As a banker with a good eye for numbers, William Groft had skills well suited for Martin Library. During his presidency of the Board, the Friends of Martin Library membership grew to over 600 and the number of library cardholders increased to 50,000. The Library Shop was opened during Groft’s tenure, and he inspired author visits and a summer reading program that produced far-reaching effects. Knowing the value of volunteers, Groft encouraged the Library to increase its volunteer base to more than 100 active recruits. The ability to control costs while building collections and services was core to Groft’s pursuits.
JAN HERROLD (presided 1995-1996)
Jan Herrold understood the unique and important role the library serves the community, and early on brought her young children to Martin to experience story times, books and the joy of reading. With her involvement on a variety of nonprofit boards and her service to education, Jan’s leadership as president of board complemented her interests perfectly. Knowing the library as a place to find information, Jan was a catalyst in expanding the reach of library resources for a variety of educational purposes. Influenced by this approach, Martin Library remains an extraordinary resource, and an ever more vital part of community life in York.
PETER BRUBAKER (presided 1996-1999)
An active community leader, Pete Brubaker advocated improving school readiness, served as founding director of “Focus on our Future” and led a variety of business partnerships for children and education. Board experience was Brubaker’s first contact with Martin Library, an easy fit given his intense interest in early childhood education and youth. Through his leadership, Pete initiated a countywide endowment-building program to ensure the future of York County Libraries. Recognizing Martin Library as a vibrant, downtown non-profit organization, he understands the importance of community partnerships.
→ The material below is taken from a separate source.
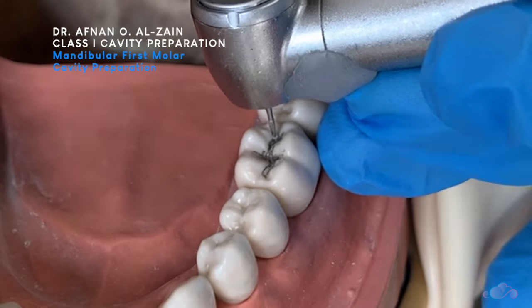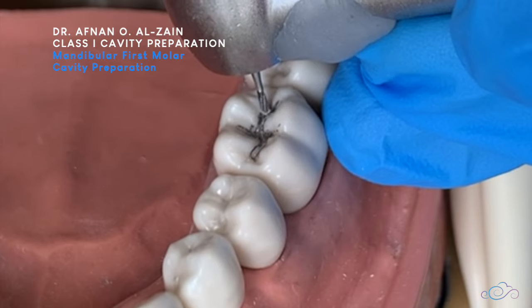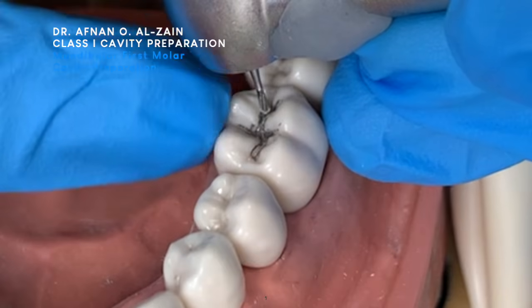We are going to place the bur perpendicular to the tooth surface. And we are going to place the head of the handpiece so that the head of the handpiece is perpendicular to the tooth surface.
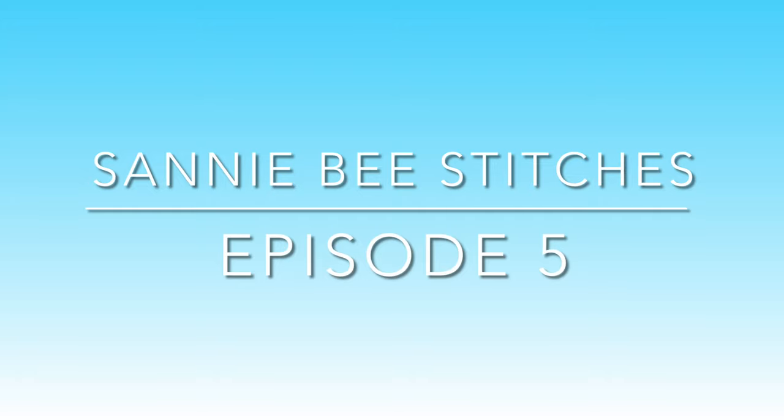Hi everybody, welcome to Sandy B Stitches episode 5. Today on my channel we're going to talk about crochet, knitting, and some cross stitch, maybe a little bit of gardening as well. If you're new here, welcome — my name is Valerie. And if you've been with me before, welcome back to my channel. Thank you for watching and coming along with my crafting journey. Don't forget to subscribe and click the bell so you can get notified when I have a new video.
Pete knows Martin Library will continue to thrive by offering both traditional and non-traditional library services.
ANTHONY CAMPISI (presided 1999-2002)
During his three-year presidency, Tony set the stage for the 2005 expansion of Martin Library with a successful capital campaign that included the donation of the brownstone building by Louis Appell and the leadership of Tom Wolf and Bill Simpson. He advocated a closer collaboration with the York County Library System to foster library growth and development. To broaden revenues, Tony designed a corporate partner program that led to innovative philanthropy, helped the library overcome budgetary challenges and opened the doors to new ways of support. Tony recognizes the important role a library plays in a knowledge-based economy, vital to our democratic system.
GEORGE SEVERNS (presided 2002-2004)
As an educator, George Severns found a perfect partnership between schools and libraries and advocated collaboration between the institutions. After his retirement as Dover School District superintendent, Severns became president of the Martin Library board where he continued to promote library and community relationships and plan for the library expansion. During his tenure, the York County Library System and Martin Library strengthened their partnership and alliance. Severns sees the library continuing as a community information center, with both written and electronic reading and viewing exchange, and as a group meeting place for social and community involvement.
CHRYSTA STINE (presided 2004-2007)
With a lifelong commitment to volunteer service, Chrysta Stine served in numerous board and leadership positions. Her association with libraries started early as her mother was one of the first public librarians in her western Pennsylvania hometown. Chrysta joined Martin’s board in 2001, first as its Treasurer and later as President, cutting the ribbon for the Library’s grand reopening in 2005. She served on the Board of the York County Library System and the Capital Campaign team for the Kaltreider-Benfer Library. Chrysta understands the importance of libraries as a free center for personal growth, lifelong learning and active community connections for all generations.
WILLIAM S. SHIPLEY III (presided 2007-2010)
The “Turtle Baby” fountain in the Children’s Library at Martin Library made a big impression on a young Bill Shipley. Remaining close to the library after his youth, Bill joined the Library Board and was elected president in 2007. Shipley spearheaded Sunday Hours at Martin Library, providing services seven days a week (despite statewide funding cuts). Shipley believes knowledge is essential to a functioning democracy, and libraries ensure equal access. He sees continued growth of library services with more electronic transmissions of information. He believes printed books will become less important as new and innovative products and programs continue to emerge.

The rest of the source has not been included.